┌─ DATASET SECTION

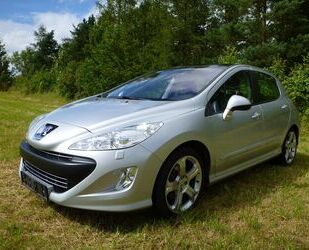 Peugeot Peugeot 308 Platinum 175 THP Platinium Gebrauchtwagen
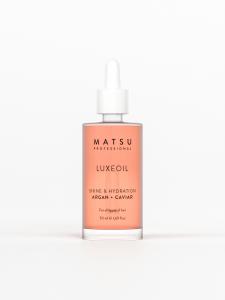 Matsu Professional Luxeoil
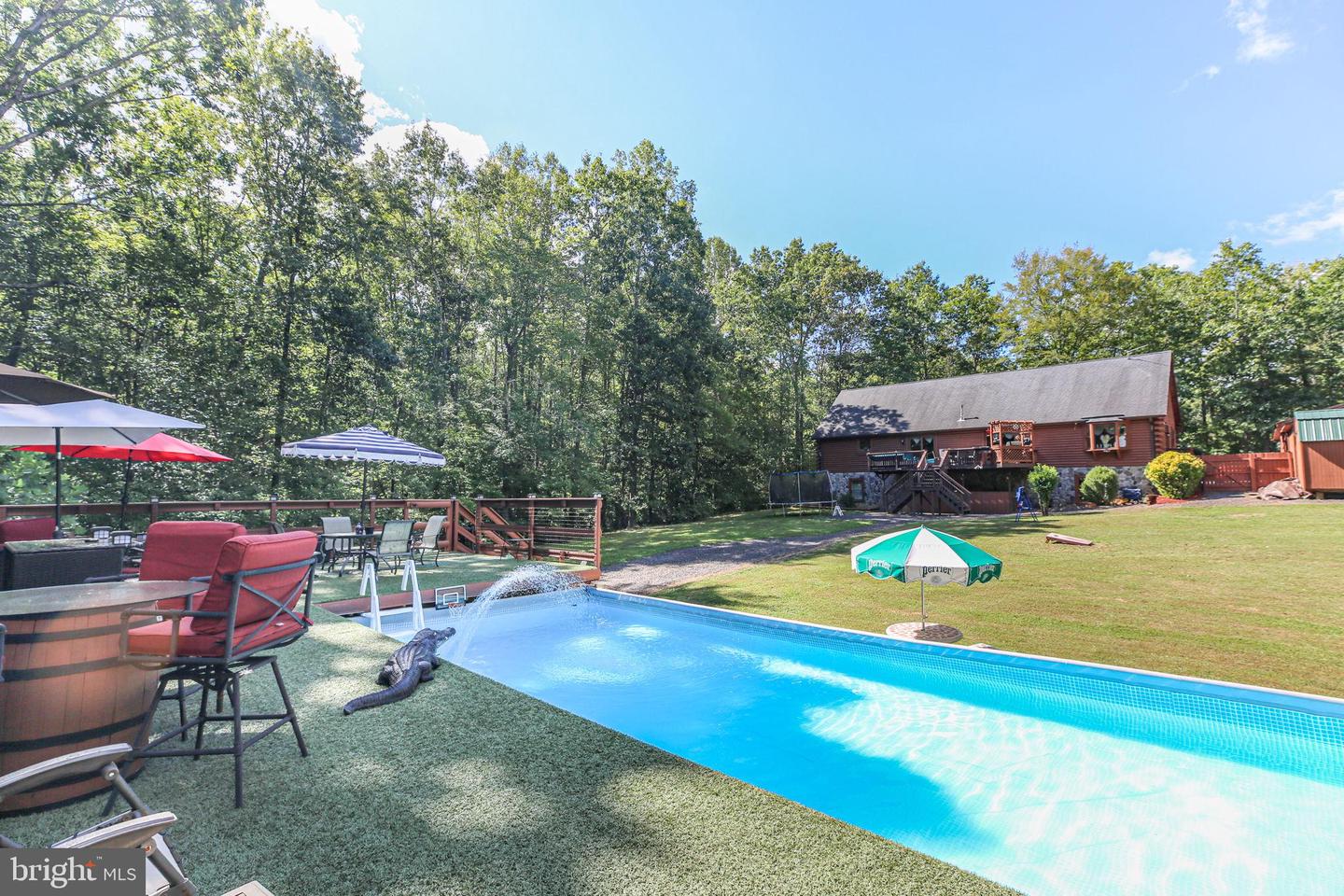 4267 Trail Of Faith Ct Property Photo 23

└─

YOUR INSTRUCTIONS
Print only the lines from the one with "Matsu Professional Luxeoil" through the last line of the data above, exactly and with both ends, and please omit any pictures.

TASK RESULT
 Matsu Professional Luxeoil
 4267 Trail Of Faith Ct Property Photo 23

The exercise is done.